The Murder of Saleh Aljafarawi is a Low Point for Me and for the Entire Genocide
When I got the news yesterday I so badly hoped it was a lie. Seeing this man who was SO ALIVE now lifeless crushed me.
I am a writer, but I want to admit to you all today that it is difficult for me to even form the words to express just how sad I am that this wonderful young brother was martyred yesterday in Gaza.
Saleh was so special, so gifted at everything he put his mind to, so energetic, so full of life and still so hopeful about the future of Gaza that his loss has crushed all of us who knew and loved him.
My organization, the Grassroots Law Project, hired attorneys for Saleh to represent him before Meta after they banned him from Instagram, and also represented him as a witness and victim of genocide before the ICC and ICJ.
Saleh and I spoke on Friday and Saturday and he was seeing himself less as a journalist and more as a leader who was going to help Gaza rebuild. I believed in him. He asked me to help him get more gasoline/fuel for the bulldozers so that they could immediately begin clearing the streets.
I texted him late on Saturday night and was surprised when he didn’t respond but assumed he was either trying to rest or working hard somewhere. I am now told that he had been kidnapped, tortured, then killed by a group of Palestinian men who were literally armed and funded by Israel to cause mass chaos in Gaza.

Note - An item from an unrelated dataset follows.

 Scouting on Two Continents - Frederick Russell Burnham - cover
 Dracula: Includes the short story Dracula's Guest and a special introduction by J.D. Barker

I was in a class in my local masjid when a leader from our community texted me the news. My heart sank. And sure enough, my phone was full of photos and videos of our dear brother - now gone from this world and existing in the next one.
I hate Israel with every fiber of my being. I think I always will.
Ultimately, as a Muslim I trust Allah. Saleh trusted Allah every single day of this genocide. He was a devout and pious believer in Allah and in His Messenger, the Prophet Muhammad ﷺ. Saleh had memorized all 77,000 words of the Quran and was a beautiful reciter of it.
He was an internationally ranked table tennis player and represented Palestine. He was a YouTuber with a huge base there. The world knew him as one of the single most fearless journalists in Gaza, but he was that and so much more.
Forgive me for not being able to say more. I am just so angry.
Love and appreciate you all.
Shaun
It hurts so much.
I am so sorry for your loss and to all who are feeling this terrible loss. None of this destruction and killing make any sense to me. I have a sense of shame being part of this human race. Sadness. Condolences. I cry with all of you.